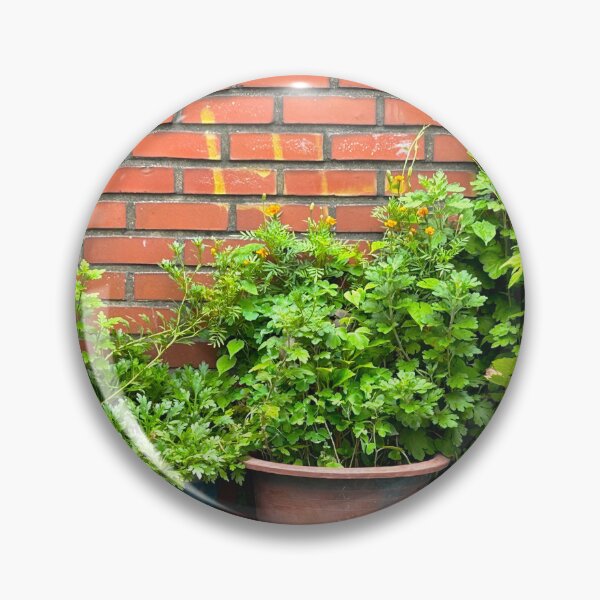 Item preview, Plant Pots Against an Old Brick Wall designed and sold by YemmyZImages.
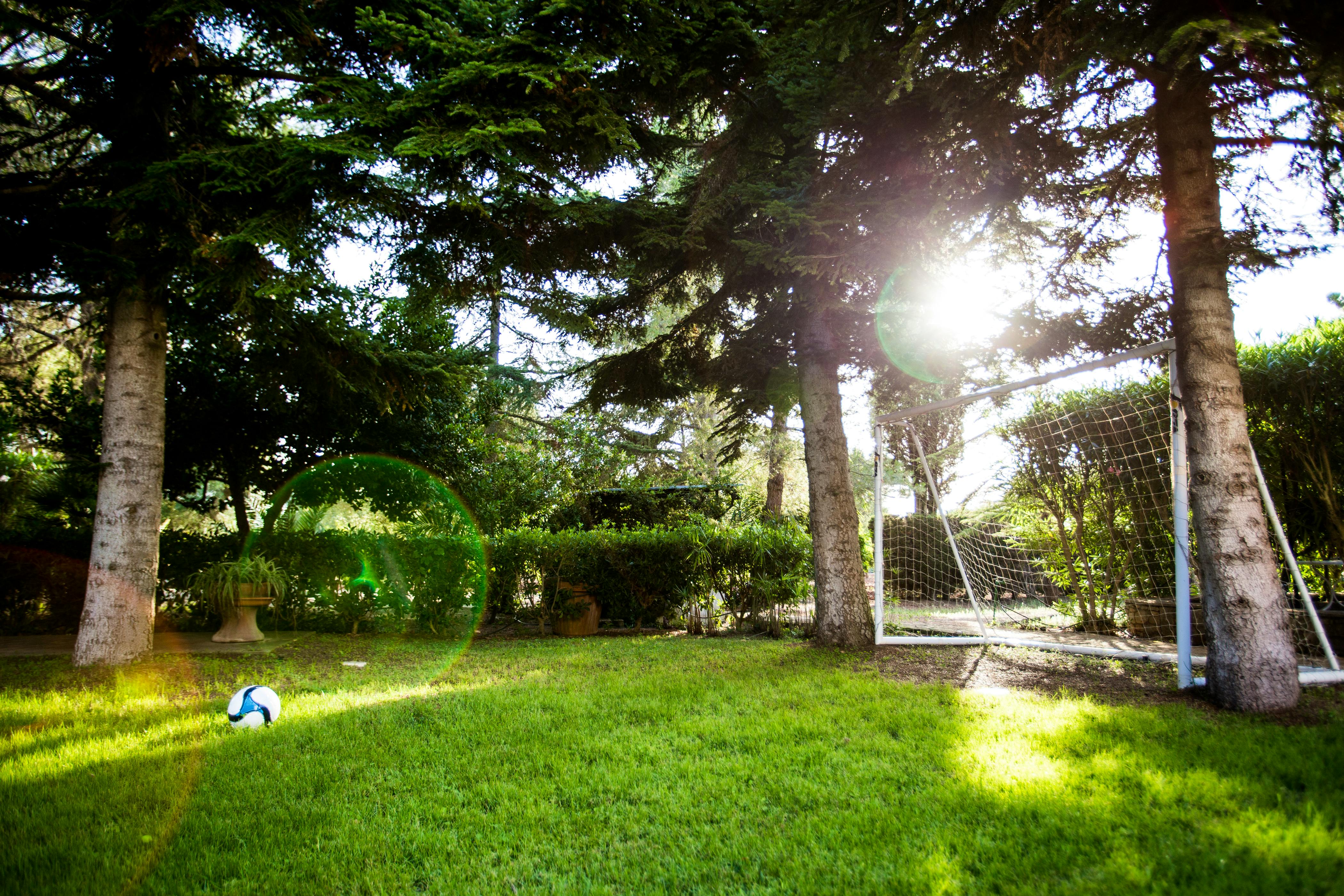 Football Goal in the garden.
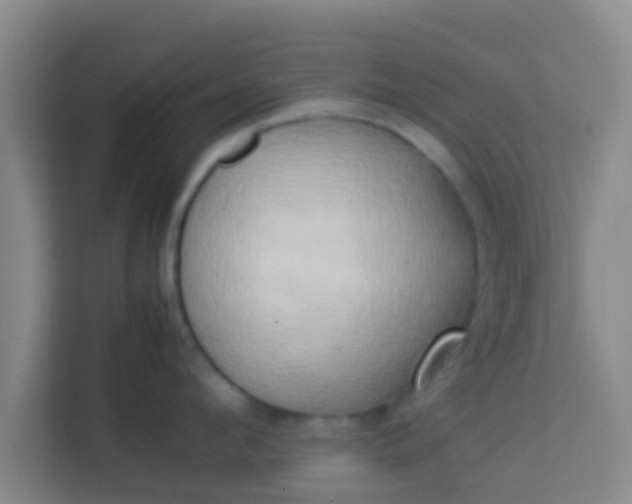 X0000113930912200910091559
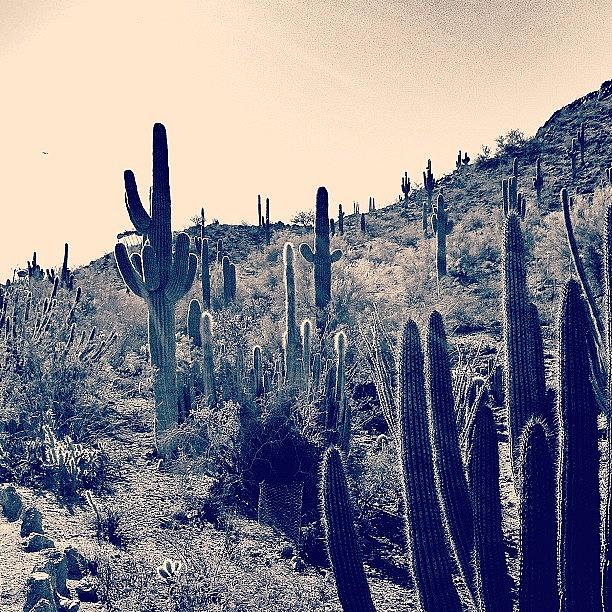 Nature Photograph - #arizona #desert In #blackandwhite by Rachel Boyer 
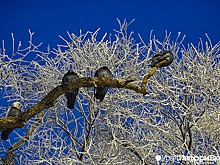 Свердловчан предупредили о похолодании до -30 градусов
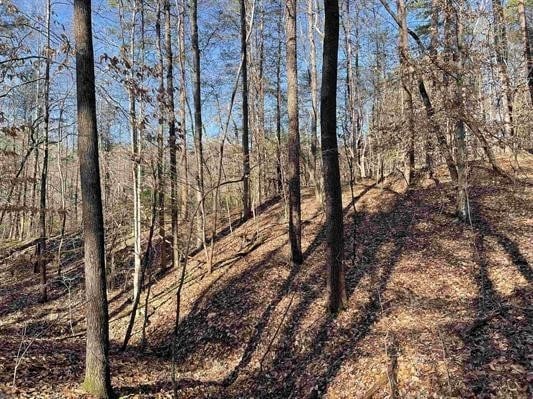 00 Beardon Hollow Rd, Westminster, SC 29693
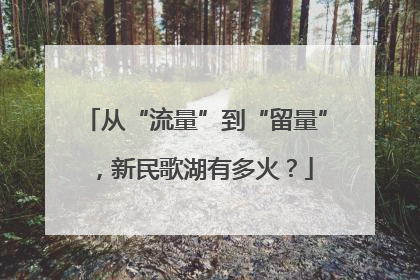 从“流量”到“留量”，新民歌湖有多火？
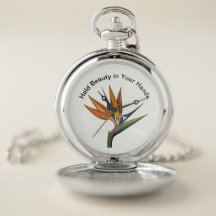 Een miniatuur meesterwerk voor uw zak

━━━━━━━━

Return the listing unchanged, but drop every picture.

■ Task output ■
 Item preview, Plant Pots Against an Old Brick Wall designed and sold by YemmyZImages.
 Football Goal in the garden.
 X0000113930912200910091559
 Nature Photograph - #arizona #desert In #blackandwhite by Rachel Boyer 
 Свердловчан предупредили о похолодании до -30 градусов
 00 Beardon Hollow Rd, Westminster, SC 29693
 从“流量”到“留量”，新民歌湖有多火？
 Een miniatuur meesterwerk voor uw zak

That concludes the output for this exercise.